Il riapparire del papa: la cura, la casa e l’ufficio


Vedere il papa tornare a casa rallegra il cuore. Il fatto, tuttavia, è stato accompagnato da parole ufficiali che non sembrano pienamente in accordo con la realtà. Per questo una riflessione pacata su ciò che ora potrà accadere pare plausibile, se non urgente.
La cura e il lavoro
I comunicati assicurano sul fatto che il papa ora potrà lavorare. L’uomo che abbiamo visto domenica affacciarsi al balcone del Gemelli può essere curato, assistito e accompagnato, ma certo non può lavorare. La insistenza dei messaggi sul suo lavoro è singolarmente dissonante con la realtà. La questione che si pone suona come una domanda urgente: lavora lui o lavorano altri per lui? Qui occorre una lucidità non retorica, per il bene del papa e del papato. Vi è, nella comunicazione di questi giorni, una sorta di sequestro delle condizioni personali sul piano dell’esercizio dell’ufficio. Se, come dicono molte delle parole pronunciate dai suoi collaboratori, deve reimparare a parlare, a causa dell’affaticamento prodotto dalla lunga sofferenza respiratoria, in un caso tanto grave la cura e il lavoro non sono affatto sovrapponibili. Nessun malato, che sia stato tanto grave, può essere oggetto di commento esclusivamente rispetto al suo lavoro. Qui, a me pare, il registro “di ufficio” e il registro “di cura” non riescono a sintonizzarsi e sfigurano la realtà.
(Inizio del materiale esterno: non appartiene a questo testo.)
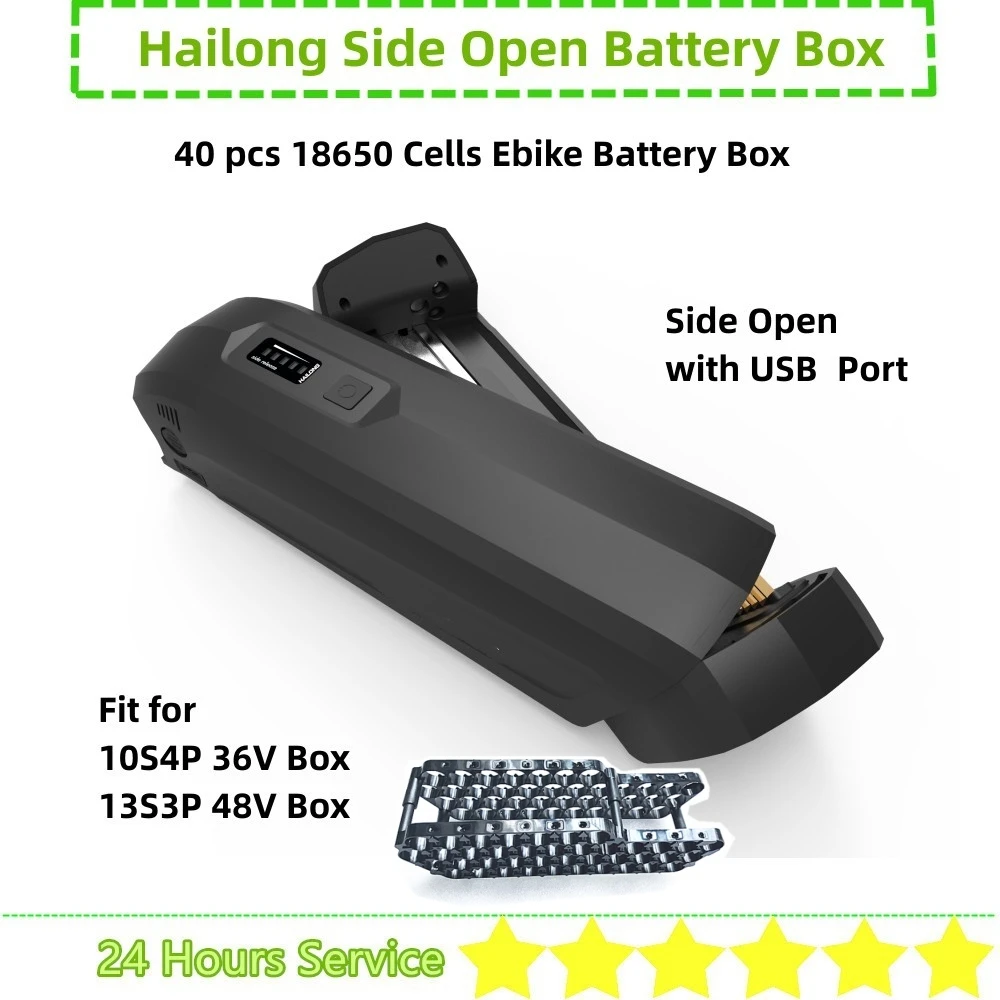 

39 40 pcs 18650 cells Battery Box Hailong2 Hailong 2 Side Open Release Ebike Battery Box 36V 48V Battery Case with Cells holder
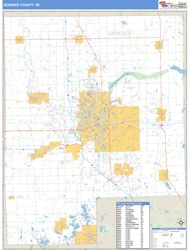 Genesee County, MI Zip Code Wall Map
Potremmo dire che la “riserva maschile” riesce solo parlare di lavoro: giustifica l’uomo che esce dall’ospedale come un Giuseppe lavoratore, non come sognatore o come uomo giusto. D’altra parte non sarebbe avventata la domanda: ma se per curarsi non deve lavorare, come potrebbe astenersi dall’esercizio del suo ufficio? Non si deve dire? Si deve fingere una salute che non c’è per assicurare un lavoro che non può essere sospeso?
Tornare a casa non è tornare in ufficio
Il papa torna a casa. Benissimo. Si può anche festeggiare per questo. Ma non si dovrebbe dimenticare che per papa Francesco la parola “casa” vuol dire  Santa Marta, non Palazzo Apostolico. Questa differenza sembra assente nei commenti ufficiali. La ufficialità tende a dimenticare che è stata una scelta qualificante, per papa Francesco, distinguere la sua residenza dal suo Ufficio. Tornare a casa non significa, perciò, tornare al lavoro. Proprio il fatto che Francesco abbia voluto “una stanza tutta per sé” dovrebbe permettere di discernere, accuratamente, la uscita dall’ospedale dal ritorno al lavoro. Proprio questa “intercapedine”, che Francesco ha voluto fissare subito, fin dal primo giorno dopo la sua elezione, prendendo dimora a S. Marta, permette di identificare meglio le prospettive di riflessione futura, che non sono affatto lineari.
La memoria e il presente
Nelle dichiarazioni ufficiali, riprese a diversi livelli della gerarchia, sembra essere stata accuratamente cancellata ogni memoria degli ultimi 25 anni. La fine del pontificato di Giovanni Paolo II ha vissuto  momenti talmente gravi, nel gestire istituzionalmente una condizione fragile della salute del papa, che il suo successore, Benedetto XVI, ha rassegnato le dimissioni per non entrare nel tunnel di un pontificato con un pontefice troppo debole sul piano fisico, con estrema difficoltà ad esercitare in toto la propria autorità. Per quanto si tratta di due casi diversi, e risolti in modo opposto, questa memoria ecclesiale non si può cancellare e non deve essere mistificata con dichiarazioni troppo facili, troppo semplici, troppo idealizzate. La gioia per la uscita dal ricovero ospedaliero non può nascondere la complessità della situazione che si è venuta a creare. La lucidità con cui papa Francesco assumerà in pieno la condizione di salute successiva alla grave polmonite bilaterale, con i margini di recupero possibili ad un uomo di 88 anni, potrà permettere di contemperare pienamente i doveri dell’Ufficio e la cura della persona. Diceva Freud, l’uomo maturo sa amare e lavorare: ma ci sono casi limite in cui non è più possibile unire lavoro e amore. Prenderne atto sarebbe forse l’atto di maggiore lucidità possibile, se e quando un tale caso dovesse rendersi evidente ed imporsi sia sulle decisioni personali, sia sulle logiche istituzionali, per evitare di entrare in un regime di pericolose mistificazioni.